Stored records
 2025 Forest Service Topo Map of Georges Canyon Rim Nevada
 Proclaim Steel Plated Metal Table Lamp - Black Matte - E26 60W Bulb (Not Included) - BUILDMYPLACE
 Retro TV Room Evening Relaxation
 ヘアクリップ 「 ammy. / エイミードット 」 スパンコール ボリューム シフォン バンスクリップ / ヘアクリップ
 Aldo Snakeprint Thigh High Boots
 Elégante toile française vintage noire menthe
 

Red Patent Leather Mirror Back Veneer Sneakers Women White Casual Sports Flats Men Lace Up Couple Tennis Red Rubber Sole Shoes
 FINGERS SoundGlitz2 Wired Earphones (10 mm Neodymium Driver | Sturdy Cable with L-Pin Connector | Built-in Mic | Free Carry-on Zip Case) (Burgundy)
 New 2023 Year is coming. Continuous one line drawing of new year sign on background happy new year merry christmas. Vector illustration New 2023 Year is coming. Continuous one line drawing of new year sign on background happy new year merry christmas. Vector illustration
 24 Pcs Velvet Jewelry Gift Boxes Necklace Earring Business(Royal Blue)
---
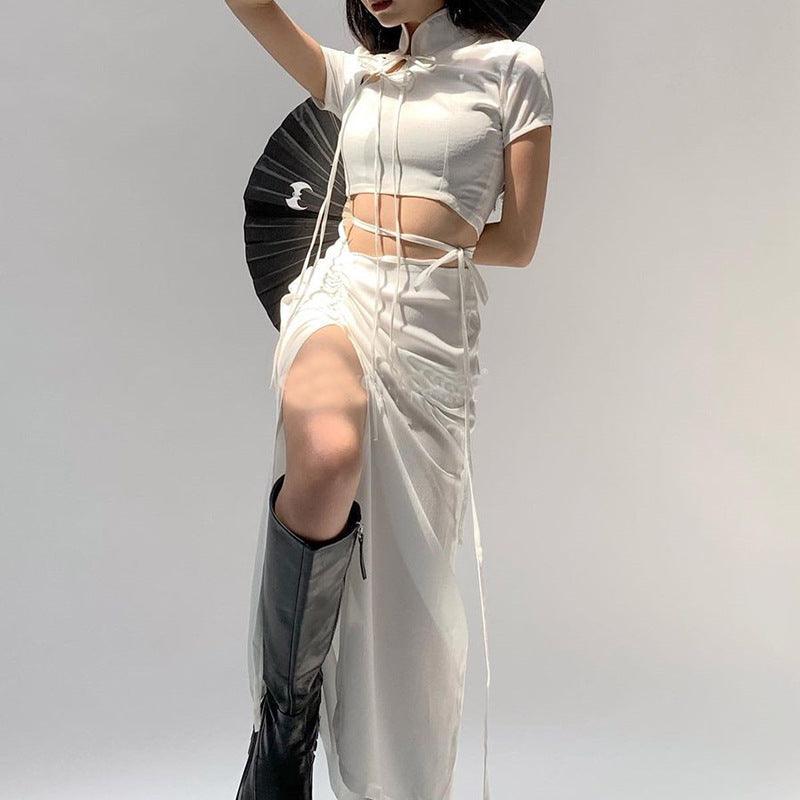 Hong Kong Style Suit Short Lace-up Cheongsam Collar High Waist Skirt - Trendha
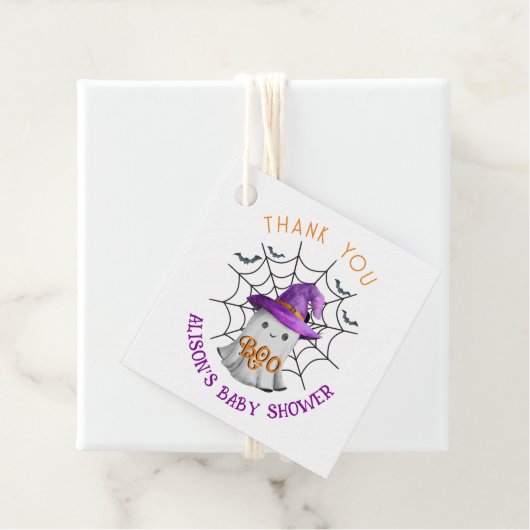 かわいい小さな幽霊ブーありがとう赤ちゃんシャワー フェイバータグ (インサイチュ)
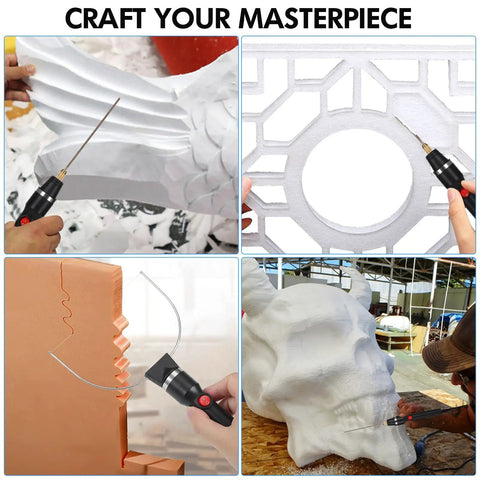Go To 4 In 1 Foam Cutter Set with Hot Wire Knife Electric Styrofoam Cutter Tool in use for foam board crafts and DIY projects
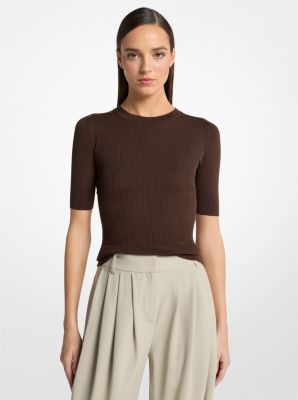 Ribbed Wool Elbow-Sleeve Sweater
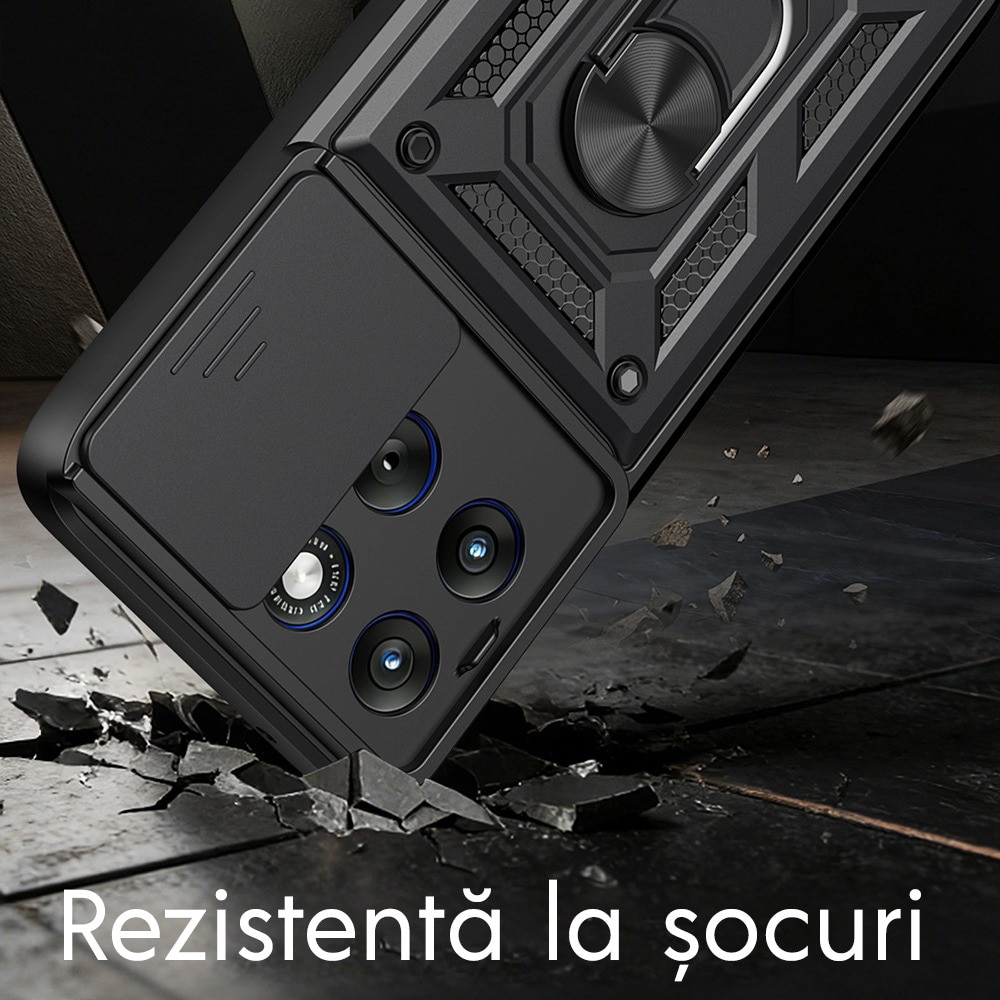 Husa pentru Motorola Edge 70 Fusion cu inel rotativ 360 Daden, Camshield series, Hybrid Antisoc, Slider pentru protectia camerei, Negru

| REQUIRED WORK |
Return a word-for-word copy of the lines above from the one holding "2025 Forest Service" through the one holding "Vector illustration New", with both of them included and nothing besides.

| EXPECTED ANSWER |
 2025 Forest Service Topo Map of Georges Canyon Rim Nevada
 Proclaim Steel Plated Metal Table Lamp - Black Matte - E26 60W Bulb (Not Included) - BUILDMYPLACE
 Retro TV Room Evening Relaxation
 ヘアクリップ 「 ammy. / エイミードット 」 スパンコール ボリューム シフォン バンスクリップ / ヘアクリップ
 Aldo Snakeprint Thigh High Boots
 Elégante toile française vintage noire menthe
 

Red Patent Leather Mirror Back Veneer Sneakers Women White Casual Sports Flats Men Lace Up Couple Tennis Red Rubber Sole Shoes
 FINGERS SoundGlitz2 Wired Earphones (10 mm Neodymium Driver | Sturdy Cable with L-Pin Connector | Built-in Mic | Free Carry-on Zip Case) (Burgundy)
 New 2023 Year is coming. Continuous one line drawing of new year sign on background happy new year merry christmas. Vector illustration New 2023 Year is coming. Continuous one line drawing of new year sign on background happy new year merry christmas. Vector illustration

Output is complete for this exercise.